Missing school for just a few days a year can damage pupils’ chances of gaining good GCSEs, according to a new report published by the Department for Education today (24 March 2016).
The new research shows that overall absence had a negative link to attainment, with every extra day missed associated with a lower chance of achieving 5 or more good GCSEs or equivalent at grades A* to C including in English and mathematics, or gaining the gold standard English Baccalaureate (EBacc).
The research backs the government’s clampdown on absence and truancy to ensure more pupils regularly attend school and leave with the qualifications they need to succeed in modern Britain.
The latest annual pupil absence statistics for 2014 to 2015 were also published today and confirm that school absence has remained at near historic low levels.
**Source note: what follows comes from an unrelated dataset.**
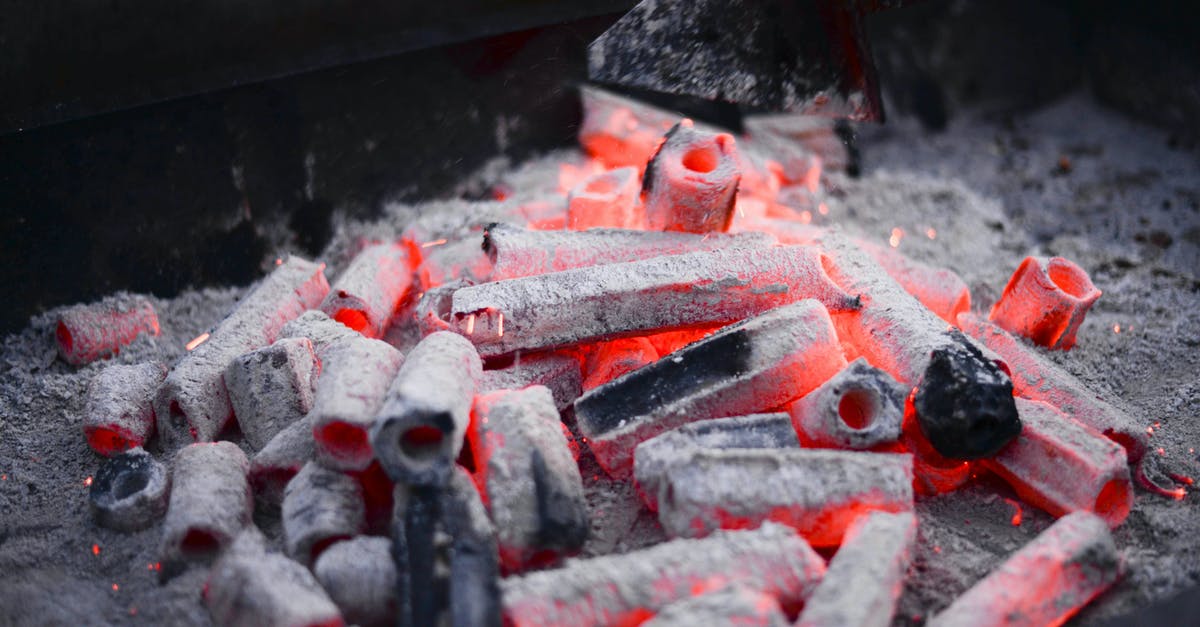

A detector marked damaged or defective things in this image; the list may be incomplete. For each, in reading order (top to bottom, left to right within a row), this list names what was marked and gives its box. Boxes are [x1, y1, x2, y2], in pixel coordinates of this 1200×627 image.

charred black coal [912, 331, 1017, 458]
charred black coal [87, 446, 169, 528]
In particular, they show that:
- the overall rate of absence was 4.6% compared to 6% in the same period in 2009 to 2010 – demonstrating that the government’s and schools’ approach to tackling absence is working
- the slight 0.1% rise in overall absence since last year was driven by increases in absence due to illness – the most prevalent reason for taking time off from school, accounting for over 60% of all absence. This is in line with the rise in influenza between 2013 to 2015 and 2014 to 2015 seen in Public Health England statistics
- the tightening of the rules around term-time holidays is also working – in 2014 to 2015, 13.8% of pupil enrolments had missed at least half a day for family holidays (both authorised and unauthorised), a decrease from 15.0% in 2013 to 2014
- term-time holidays (authorised and unauthorised) accounted for 7.5% of all absences in 2014 to 2015 compared to 8.5% in 2013 to 2014 – equating to 4.1 million school days lost due to term-time holidays, down from 4.4 million in the previous year
- nearly 200,000 fewer pupils were persistently absent from school than in the same period in 2009 to 2010, with the persistent absence rate remaining at historic lows at 3.7% compared to 6.8% in 2009 to 2010
Schools Minister Nick Gibb said:
This new research is further evidence that missing school for even a day can mean a child is less likely to achieve good grades, which can have a damaging effect on their life chances.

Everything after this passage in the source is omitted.